K20
"Es kommt alles auf den Menschen an" - Zur Problematik eines immer wieder zu hörenden Satzes

23. April 2011

In Diskussionen wird immer wieder gerne - im Singular - vom Menschen gesprochen und behauptet, dass alles auf den Menschen ankomme. Ganz analog wird das "Menschenbild" bemüht und dazu die These formuliert, dass je nach dem, welches "Menschenbild" man habe, auch ein anderes Bild der Gesellschaft resultiere. So setze beispielsweise die Einführung eines garantierten Grundeinkommens ein sogenannt "positives Menschenbild" insofern voraus, als damit gerechnet werde, dass "der Mensch" mit einem solchen Grundeinkommen umgehen, sich mithin positiv verhalten könne. Umgekehrt habe das Setzen von monetären Anreizen und also der Verzicht auf ein solches Grundeinkommen ein "negatives Menschenbild" insofern zur Voraussetzung, als dabei damit gerechnet werde, dass "der Mensch" ohne Anreize nicht von selber aktiv oder in die falsche Richtung aktiv werde.

Eine solche vom "Menschen" aus geführte Argumentation ist in verschiedener Hinsicht problematisch. Darauf weist Theodor W. Adorno in einem Streitgespräch mit Arnold Gehlen hin. Dieses Streitgespräch führten die beiden im Jahr 1965 unter dem Titel: "Ist die Soziologie eine Wissenschaft vom Menschen?" In den Erläuterungen dieser Titelfrage tendiert Adorno zu einem Nein und Gehlen zu einem Ja.
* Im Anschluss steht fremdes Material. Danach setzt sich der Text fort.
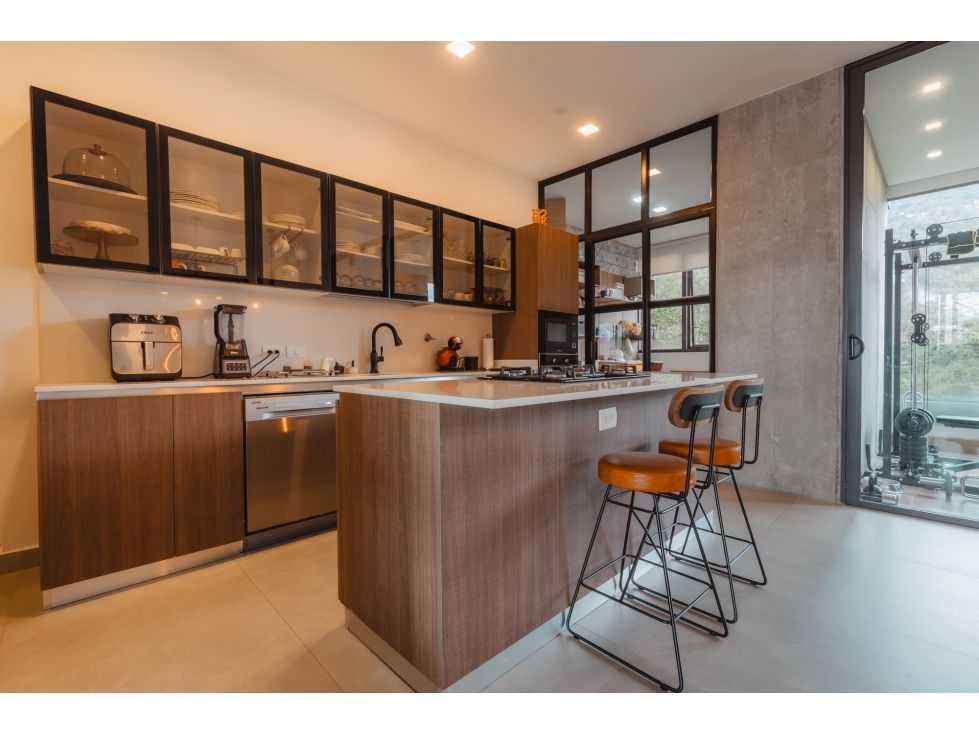 Apartamento en venta Antioquia Medellín San Lucas 293 m2 Habitaciones 3 Baños 3 Garajes 4 Precio $3750000000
Zunächst sind sich die beiden Kontrahenden darin einig, dass das Chrakteristische des Menschen - im Gegensatz zur Eingangs angesprochenen Auffassung - darin besteht, dass der Mensch sich gerade nicht festlegen lasse und dessen Charakeristikum genau darin bestehe, in den Möglichkeiten offen zu sein, und zwar sowohl in positiver als auch in negativer Hinsicht. Solche Offenheit unterscheide den Menschen in der Grundtendenz vom Tier, welches in seinen Verhaltensweisen durch natürliche Instinkte respektive Reaktionsweisen weitgehend festgelegt sei. Von solchem könne beim Menschen nun eben gerade nicht ausgegangen werden. Zu sagen was der Mensch sei, also von dem Menschen in einer bildhaft festgelegten Form zu sprechen, ist unmöglich, und darin zunächst also sind sich Adorno und Gehlen einig.
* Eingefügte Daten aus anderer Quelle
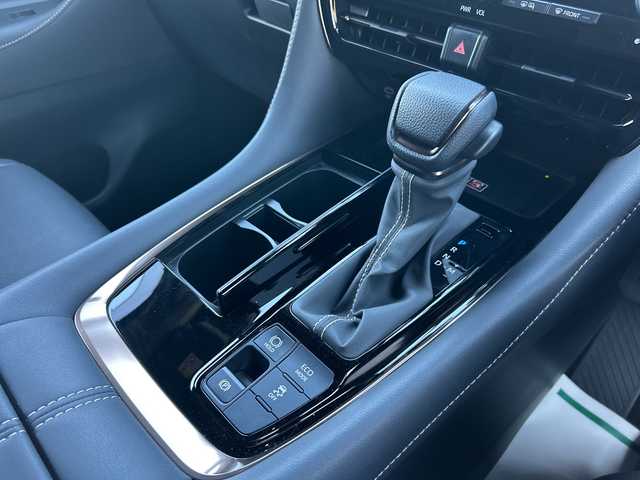 トヨタ アルファード Z 大阪府 2024(令6)年 1.7万km プラチナホワイトパールマイカ ナビ　/フルセグ　/Bluetooth　/ＨＤＭＩ/全方位カメラ　/パノラマルーフ（ＯＰ）/フリップダウンモニター　（ＯＰ）/デジタルインナーミラー　（ＯＰ）/ブラインドスポットモニター（ＯＰ）　/ヘッドアップディスプレイ　（ＯＰ）/スペアタイヤ　（ＯＰ）/モデリスタエアロ　（ＯＰ）/純正シグネチャーイルミブレード（ＯＰ）/AC100V/両側パワースライド/パワーバックドア/レザーシート　/シートヒーター（前席・2列目）/エアーシート（前席・2列目）/ビルトイン2.0ＥＴＣ　（ＯＰ）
Dazu ist anzumerken - und auch darin sind sich die beiden Kontrahenden einig -, dass die Auffassung des Menschen, wonach dieser halt so sei, wie er sei und alles davon abhänge, insofern ideologischen Zwecken dient, als damit unmenschliche gesellschaftliche Verhältnisse ganz auf den Menschen, wie er von Natur halt sei, abgeschoben und verschleiert werden können. Adorno formuliert es dann gar so, "dass heute der Mensch die Ideologie für die Unmenschlichkeit sei" (S. 227).
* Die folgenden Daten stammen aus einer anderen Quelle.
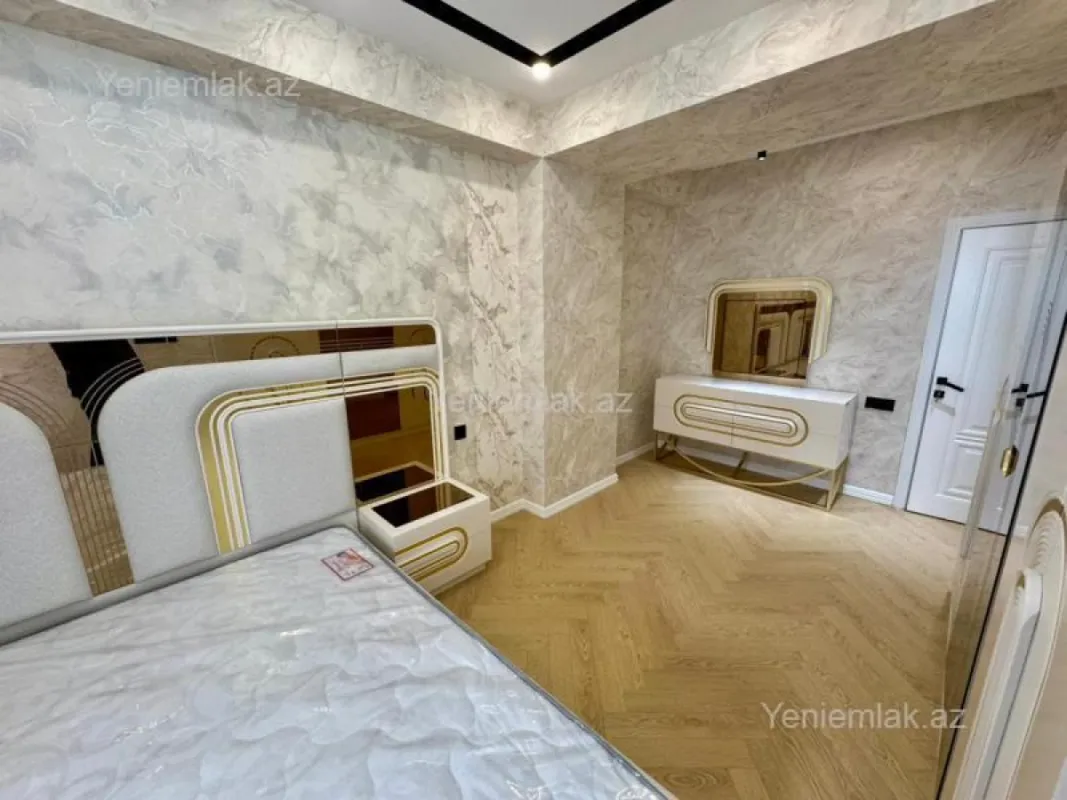 Satılır 3 otaqlı yeni tikili 129 m²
Gehlen stimmt Adorno betreffend Unbestimmbarkeit des Menschen zwar zu, erklärt diese aber sogleich zu einem Grundproblem des Menschen selber insofern, als dieser durch sie beständig verunsichert werde. Diese Verunsicherung der Menschen sei - so Gehlen - infolge des technischen Fortschritts etwa im Kommunikationsbereich und dem dadurch verstärkten Aufeinandertreffen verschiedenster Lebensmöglichkeiten in der "One World" nochmals angewachsen. Entsprechend bedürfe es - so Gehlens Theorie - fester Institutionen, welche den Menschen einen klaren Halt gäben und auf diese Weise das Problem der Unbestimmtheit oder der Nichtfestgelegtheit des Menschen gleichsam ausbügelten. Gehlen betrachtet die Institution als Ersatz für die den Menschen fehlenden Instinkte. Zwar verkennt Gehlen nicht, dass die Institutionen - er nennt Recht, Ehe, Familie, Eigentum - für die Menschen auch belastend sein können, doch ist ihm deren Entlastungsfunktion das Grundlegende. So erklärt er die Unbestimmtheit des Menschen zu dessen natürlichen Wesensmerkmal, leitet daraus die Notwendigkeit der Entlastung vermittels Institutionen ab und betrachtet die Institutionen dementsprechend als "Wesensmerkmale des Menschen" (S. 244). Damit aber ist für ihn die Soziologie als eine die Institutionen untersuchende Wissenschaft hinwiederum doch eine Wissenschaft vom Menschen.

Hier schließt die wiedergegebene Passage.